• **Task statement**
For this exercise, write out each entry below exactly as it reads.

(Data records)

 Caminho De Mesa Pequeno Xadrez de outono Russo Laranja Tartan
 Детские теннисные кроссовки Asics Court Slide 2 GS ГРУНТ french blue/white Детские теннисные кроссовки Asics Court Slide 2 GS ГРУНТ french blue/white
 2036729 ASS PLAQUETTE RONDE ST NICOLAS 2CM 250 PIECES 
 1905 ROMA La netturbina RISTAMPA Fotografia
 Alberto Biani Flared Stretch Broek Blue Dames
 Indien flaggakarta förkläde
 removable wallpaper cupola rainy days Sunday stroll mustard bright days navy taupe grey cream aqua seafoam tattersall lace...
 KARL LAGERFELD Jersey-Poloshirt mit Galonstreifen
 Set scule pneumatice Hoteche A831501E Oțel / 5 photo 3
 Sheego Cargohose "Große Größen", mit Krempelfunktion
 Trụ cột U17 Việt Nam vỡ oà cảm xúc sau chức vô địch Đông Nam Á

• **Your solution**
 Caminho De Mesa Pequeno Xadrez de outono Russo Laranja Tartan
 Детские теннисные кроссовки Asics Court Slide 2 GS ГРУНТ french blue/white Детские теннисные кроссовки Asics Court Slide 2 GS ГРУНТ french blue/white
 2036729 ASS PLAQUETTE RONDE ST NICOLAS 2CM 250 PIECES 
 1905 ROMA La netturbina RISTAMPA Fotografia
 Alberto Biani Flared Stretch Broek Blue Dames
 Indien flaggakarta förkläde
 removable wallpaper cupola rainy days Sunday stroll mustard bright days navy taupe grey cream aqua seafoam tattersall lace...
 KARL LAGERFELD Jersey-Poloshirt mit Galonstreifen
 Set scule pneumatice Hoteche A831501E Oțel / 5 photo 3
 Sheego Cargohose "Große Größen", mit Krempelfunktion
 Trụ cột U17 Việt Nam vỡ oà cảm xúc sau chức vô địch Đông Nam Á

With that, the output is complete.